Give the records again exactly. Pictures do not belong in the copy.
━━ DATA
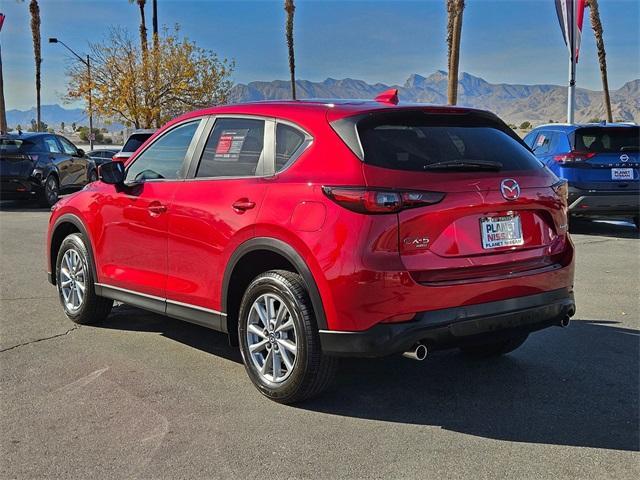 used 2023 Mazda CX-5 car, priced at $25,987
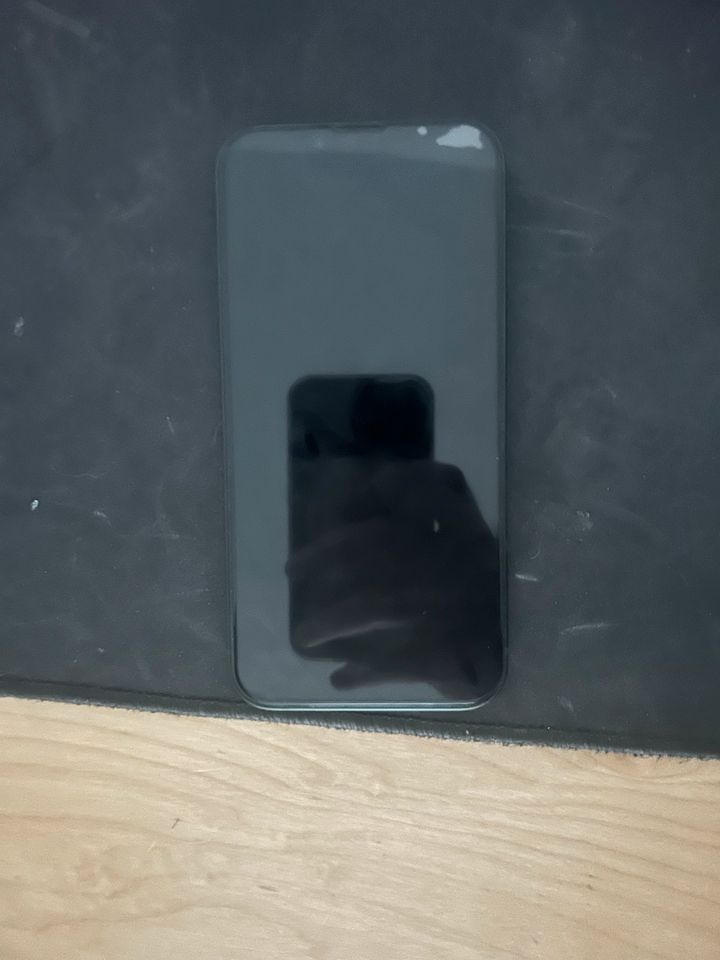 iphone 13 128gb grün (sehr guter zustand) mit hülle in Berlin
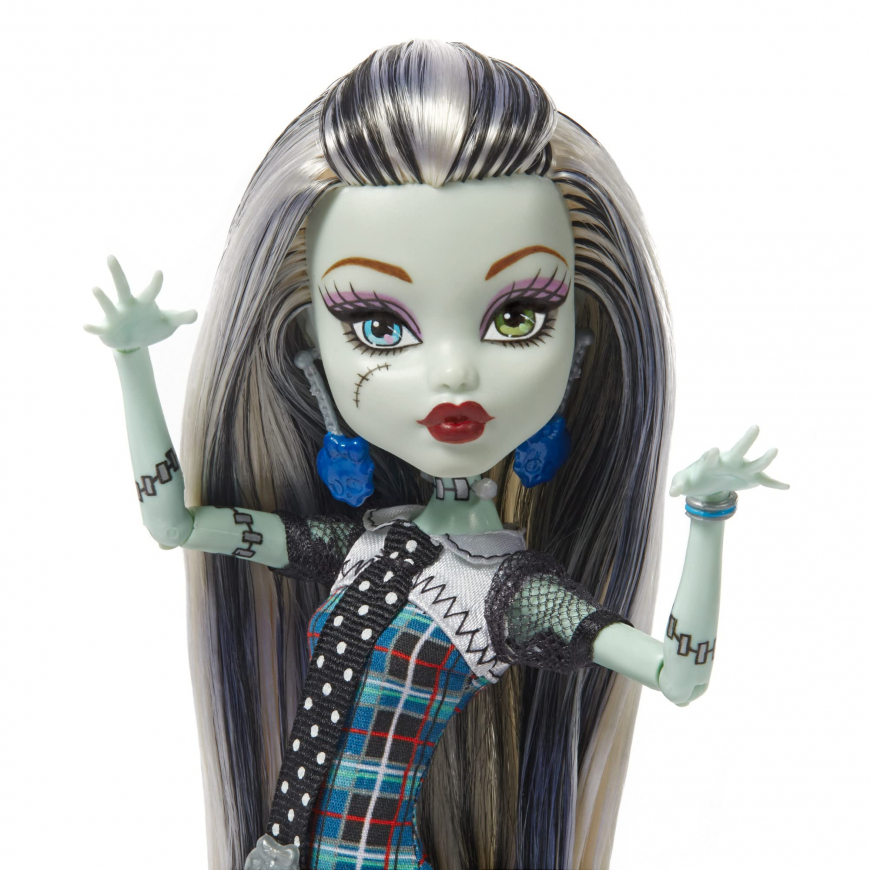 Monster High Reproduction 2024 Doll Frankie Stein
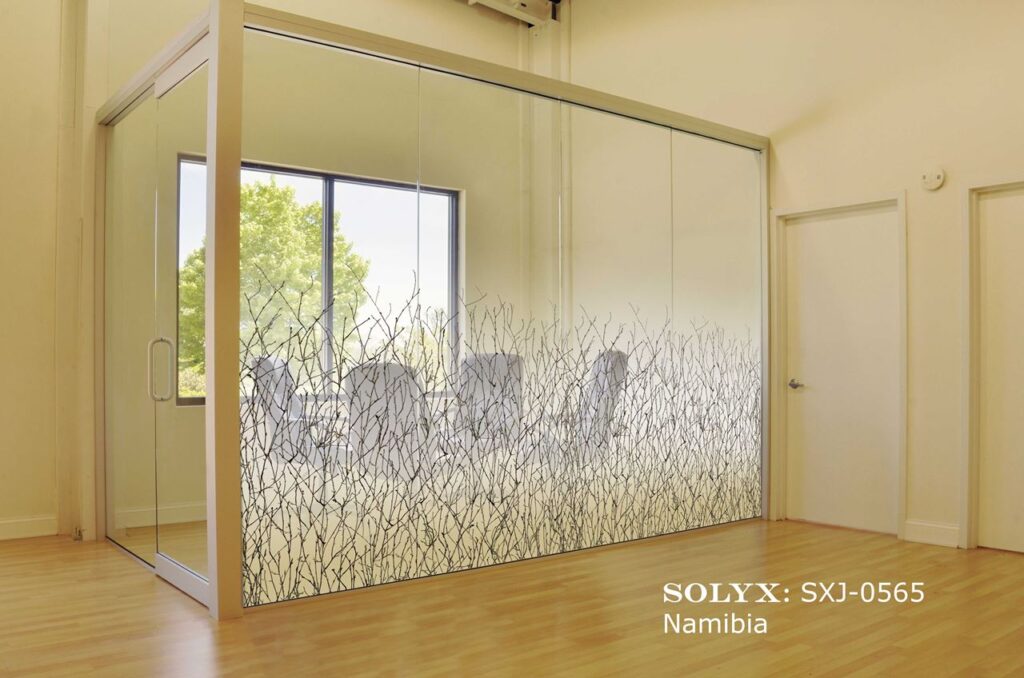 printed window film Washington, D.C.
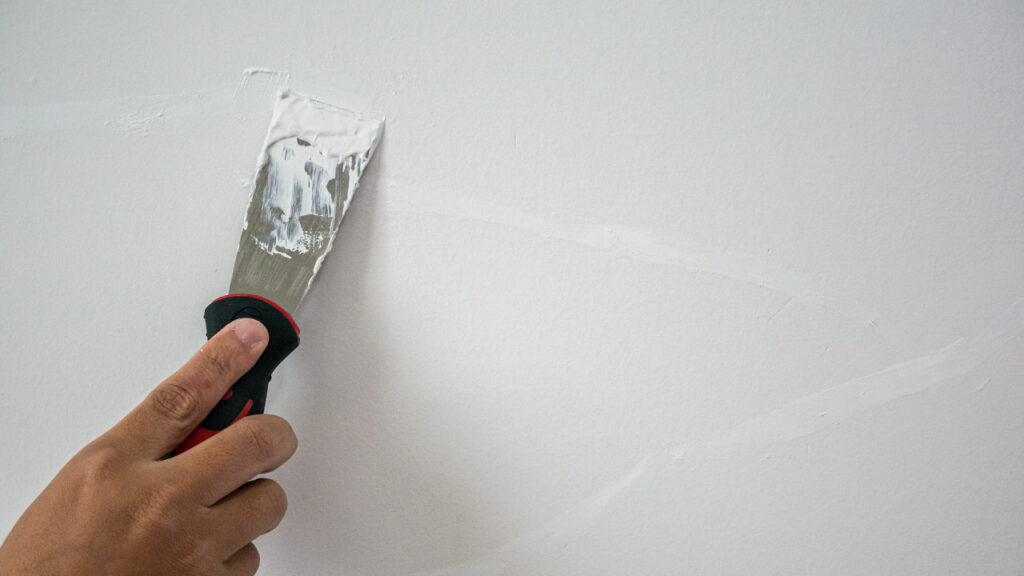 1. Prepara la superficie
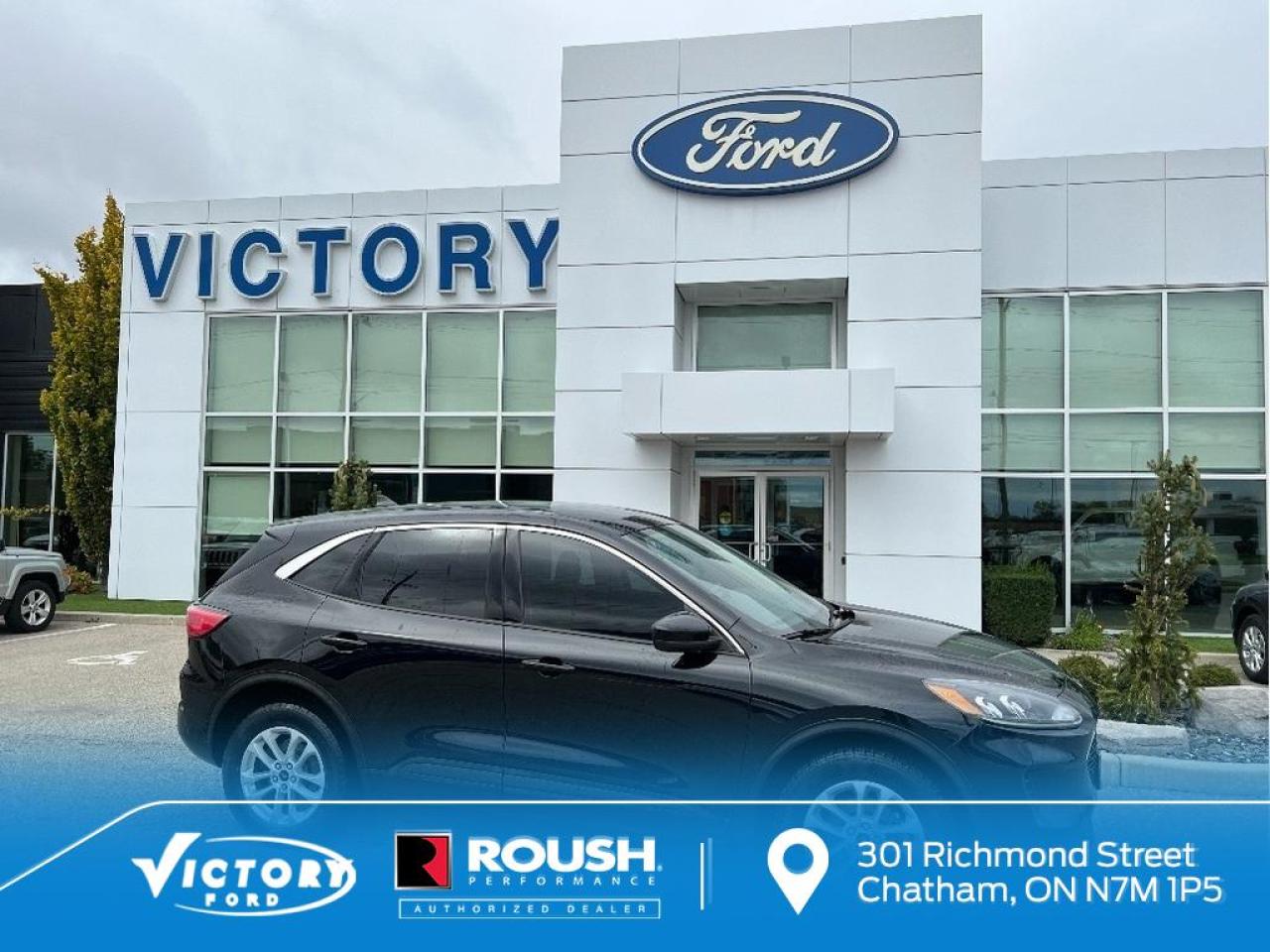 Used 2020 Ford Escape SE | Navigation | BLIS | Dual heated seats | for sale in Chatham, ON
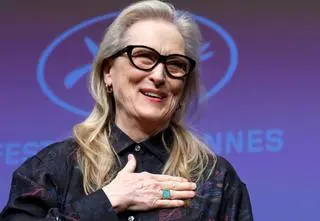 Meryl Streep w obronie afgańskich kobiet. "Kot ma więcej wolności"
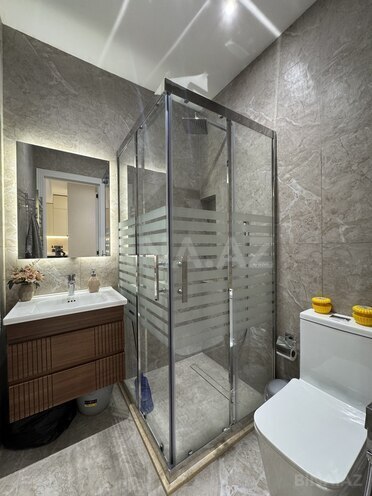 Satılır 2 otaqlı yeni tikili 64 m², Nərimanov r., photo 8 from 10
━━━━
▶ _WRITTEN ANSWER_
 used 2023 Mazda CX-5 car, priced at $25,987
 iphone 13 128gb grün (sehr guter zustand) mit hülle in Berlin
 Monster High Reproduction 2024 Doll Frankie Stein
 printed window film Washington, D.C.
 1. Prepara la superficie
 Used 2020 Ford Escape SE | Navigation | BLIS | Dual heated seats | for sale in Chatham, ON
 Meryl Streep w obronie afgańskich kobiet. "Kot ma więcej wolności"
 Satılır 2 otaqlı yeni tikili 64 m², Nərimanov r., photo 8 from 10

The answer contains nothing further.